Work request
Every line of the listing below is to be repeated exactly; the pictures stay out.

Material shown
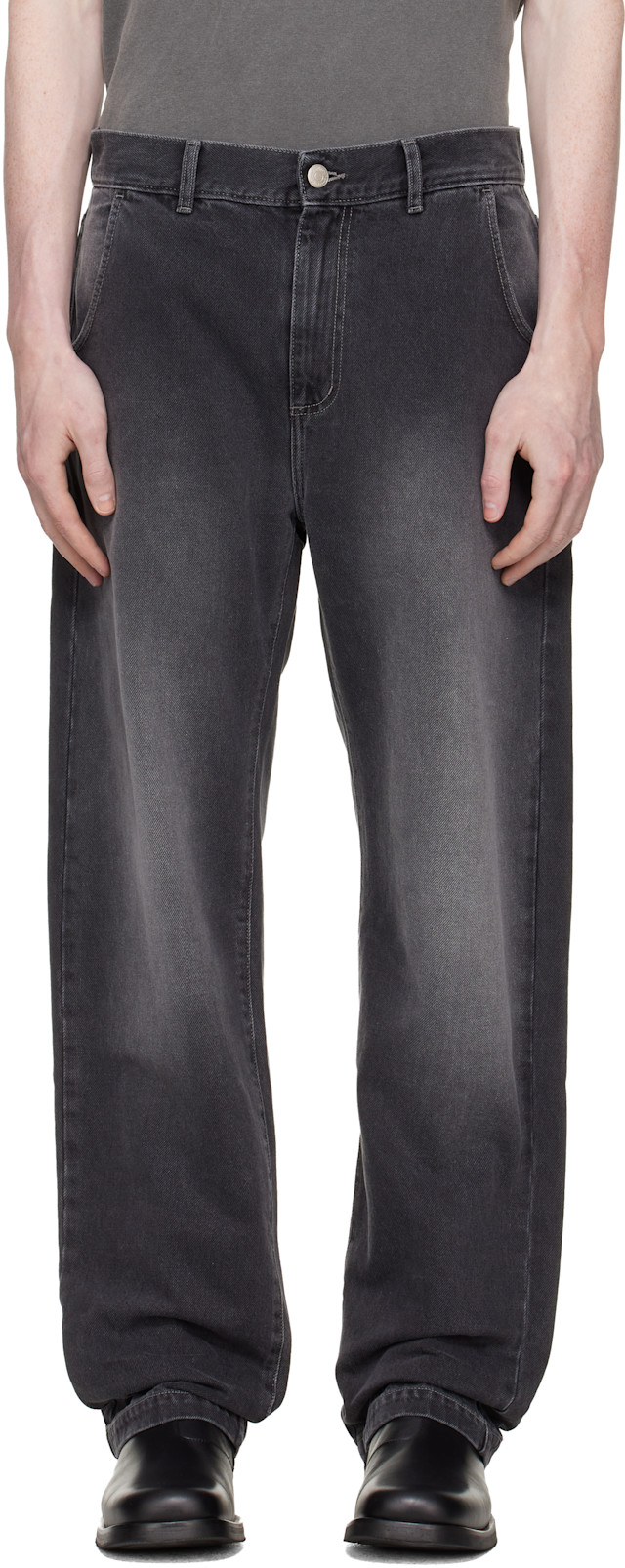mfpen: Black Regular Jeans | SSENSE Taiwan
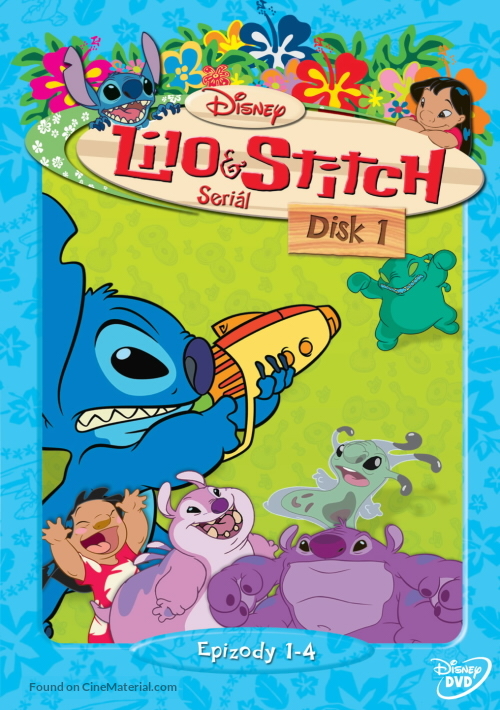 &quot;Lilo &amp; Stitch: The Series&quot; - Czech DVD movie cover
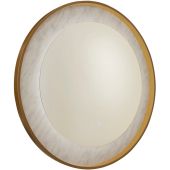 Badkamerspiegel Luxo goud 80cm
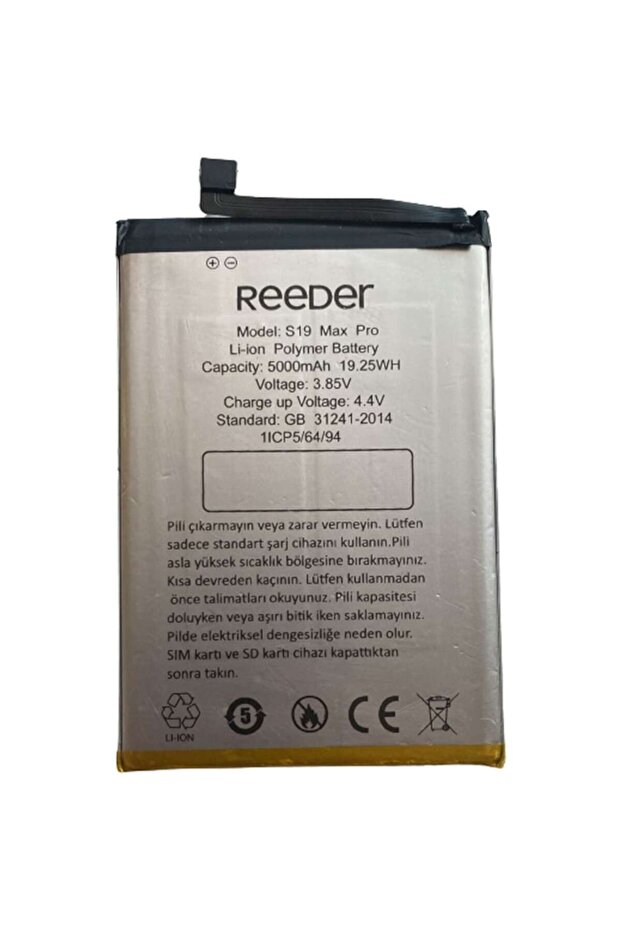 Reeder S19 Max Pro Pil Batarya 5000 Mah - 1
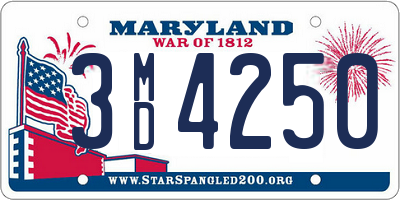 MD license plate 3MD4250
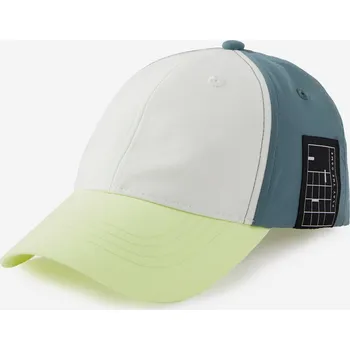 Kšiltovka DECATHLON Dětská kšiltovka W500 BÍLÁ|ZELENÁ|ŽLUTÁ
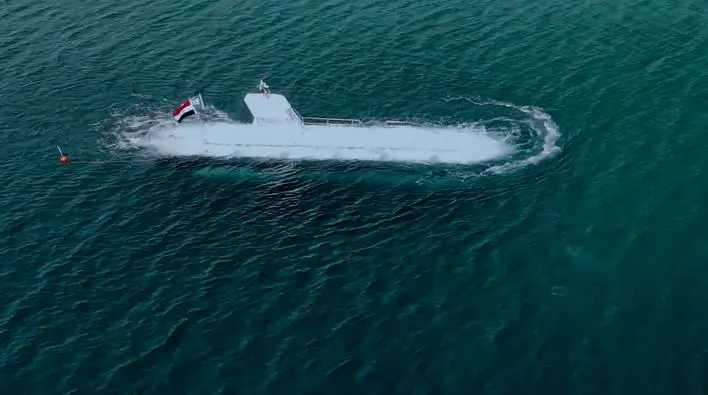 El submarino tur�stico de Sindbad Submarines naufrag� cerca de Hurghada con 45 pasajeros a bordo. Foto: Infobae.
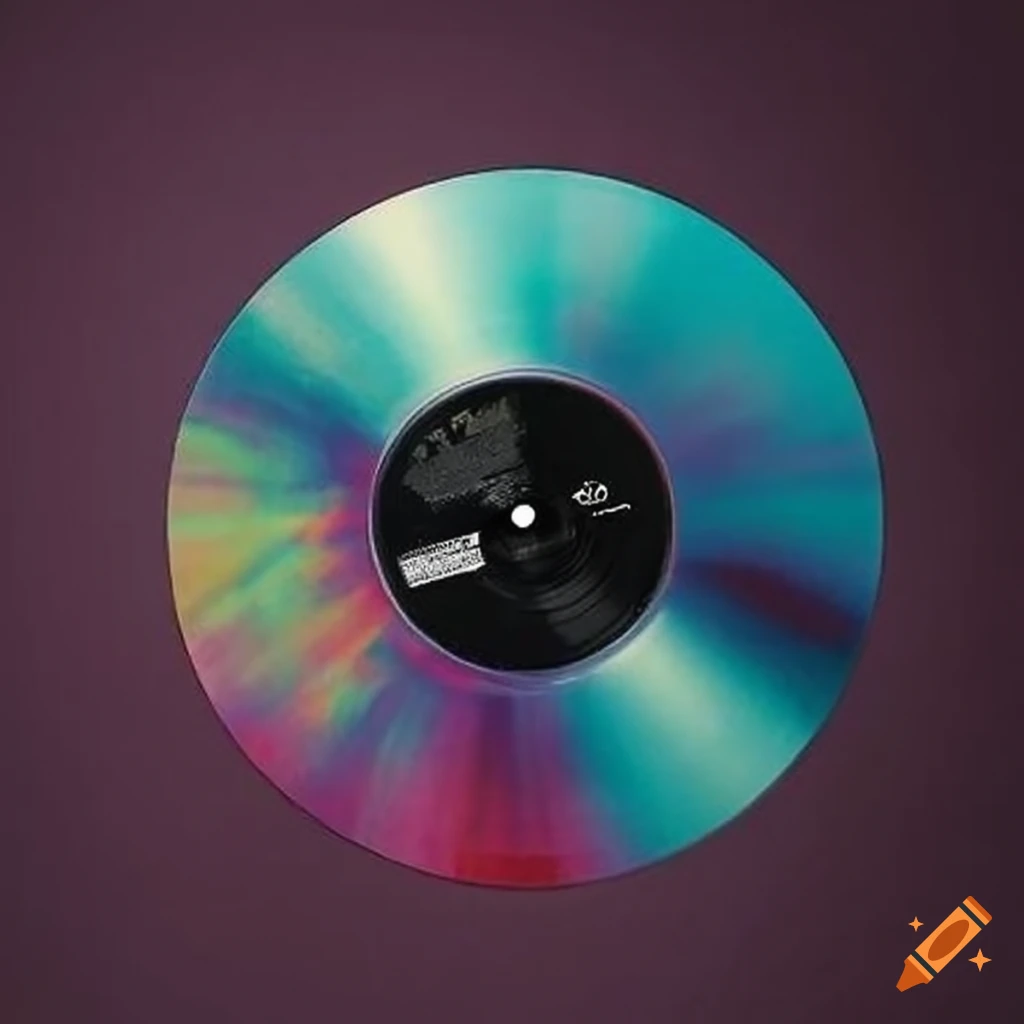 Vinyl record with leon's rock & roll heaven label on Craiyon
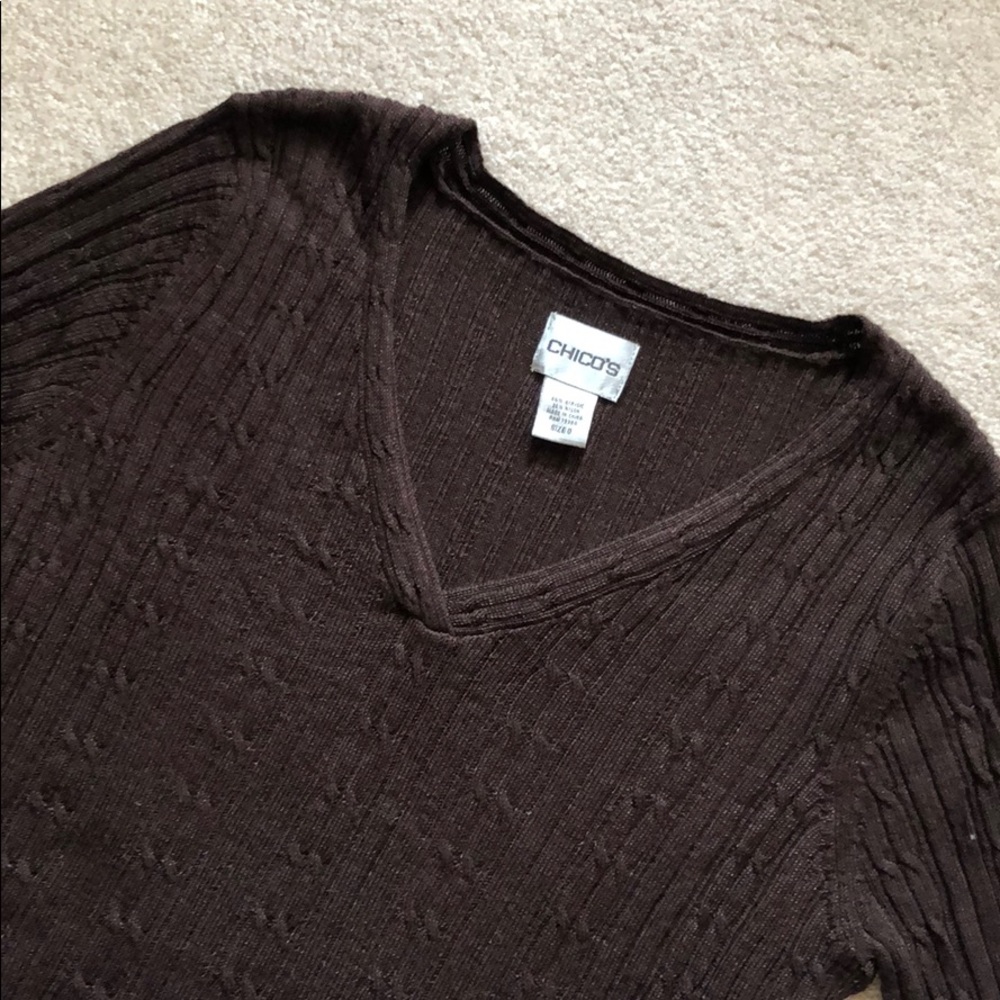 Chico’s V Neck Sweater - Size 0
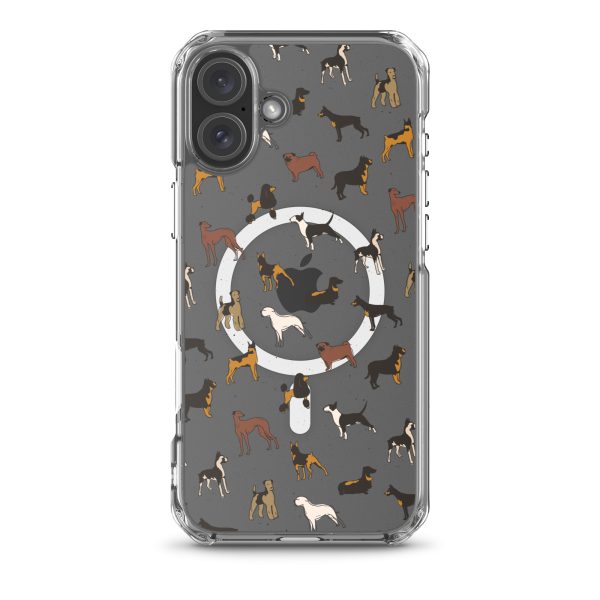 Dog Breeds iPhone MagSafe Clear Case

Result
mfpen: Black Regular Jeans | SSENSE Taiwan
 &quot;Lilo &amp; Stitch: The Series&quot; - Czech DVD movie cover
 Badkamerspiegel Luxo goud 80cm
 Reeder S19 Max Pro Pil Batarya 5000 Mah - 1
 MD license plate 3MD4250
 Kšiltovka DECATHLON Dětská kšiltovka W500 BÍLÁ|ZELENÁ|ŽLUTÁ
 El submarino tur�stico de Sindbad Submarines naufrag� cerca de Hurghada con 45 pasajeros a bordo. Foto: Infobae.
 Vinyl record with leon's rock & roll heaven label on Craiyon
 Chico’s V Neck Sweater - Size 0
 Dog Breeds iPhone MagSafe Clear Case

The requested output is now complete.